Madre! è l’ultima pellicola, (2017), realizzata dal controverso regista e sceneggiatore Darren Aronofsky, noto per aver creato alcuni tra i capolavori della cinematografia statunitense.
Nonostante il suo successo, Darren rimane un incompreso, non solo dal pubblico ma anche dalla critica che in modo particolare in Madre! si è dichiarata ostile durante la sua presentazione alla Mostra internazionale d’arte cinematografica di Venezia.
Protagonista indiscussa è Jennifer Lawrence che, accompagnata da Javier Bardem, Ed Harris e Michelle Pfeiffer, ci guida durante i 120 minuti attraverso un climax di eventi sconcertanti.
Sono diverse le interpretazioni di questo lungometraggio intriso di simboli e livelli di lettura. Innanzitutto, nessuno dei personaggi ha un nome proprio, divenendo così simboli universali dell’umanità. “Him” (Bardem) è Dio, in particolare il Dio dell’antico testamento, colui che distrugge ciò che crea insoddisfatto del risultato. “Mother” (Lawrence) è madre Natura, e attraverso di lei viviamo le sofferenze dell’essere umano. Poi ci sono “man” e “woman” (Harris e Pfeiffer), che rispettivamente simboleggiano Adamo ed Eva, e i loro figli Caino e Abele.

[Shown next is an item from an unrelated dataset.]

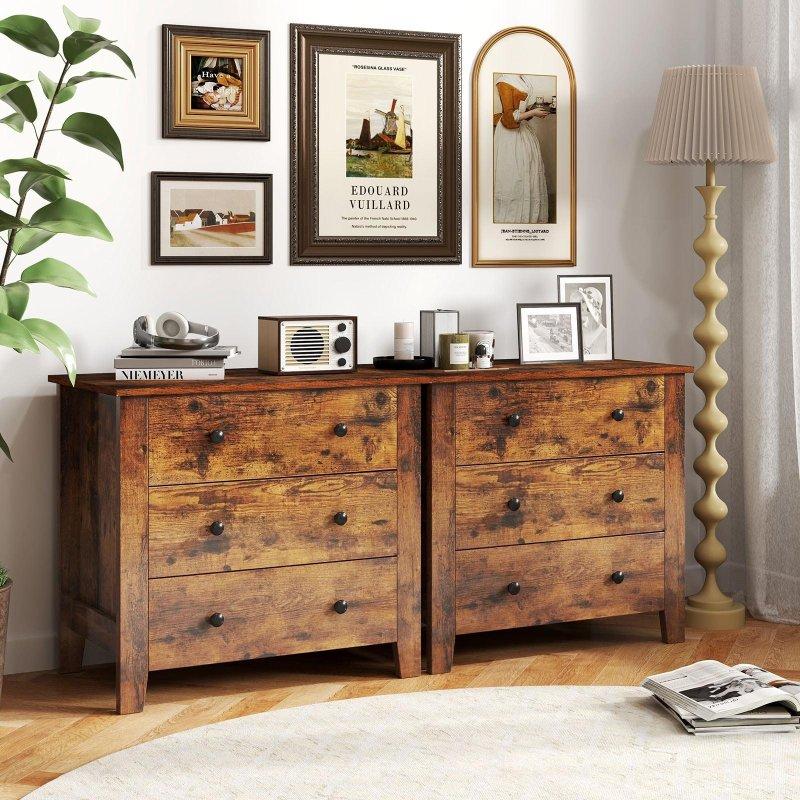 Rustik Kahverengi MDF 3 Çekmeceli Modern Şifonyer - 73x46x67 cm - 297370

Lo stesso Darren ha dichiarato: “Ci sono elementi completamente biblici, alcune persone li hanno colti immediatamente, altre non se ne sono rese conto, e penso dipenda esclusivamente dal modo in cui siano state educate. La struttura alla base del film è stata la Bibbia, utilizzandola come un modo per discutere di come gli esseri umani hanno vissuto qui sulla Terra”.
Le citazioni non sono solo archetipiche e religiose ma anche cinematografiche, oltre ad essere il naturale proseguimento del suo precedente film Noah, i riferimenti a Roman Polanski in Rosemary’s Baby e a Buñuel in L’angelo sterminatore sono lampanti.
In Madre! I temi sono la Creazione e l’Apocalisse ma strettamente legati alla contemporaneità, allo sfruttamento del nostro pianeta e alla incapacità dell’uomo di guardare all’esterno ma unicamente verso l’interno occludendosi così la possibilità di una evoluzione sensibile al concetto più alto di Natura.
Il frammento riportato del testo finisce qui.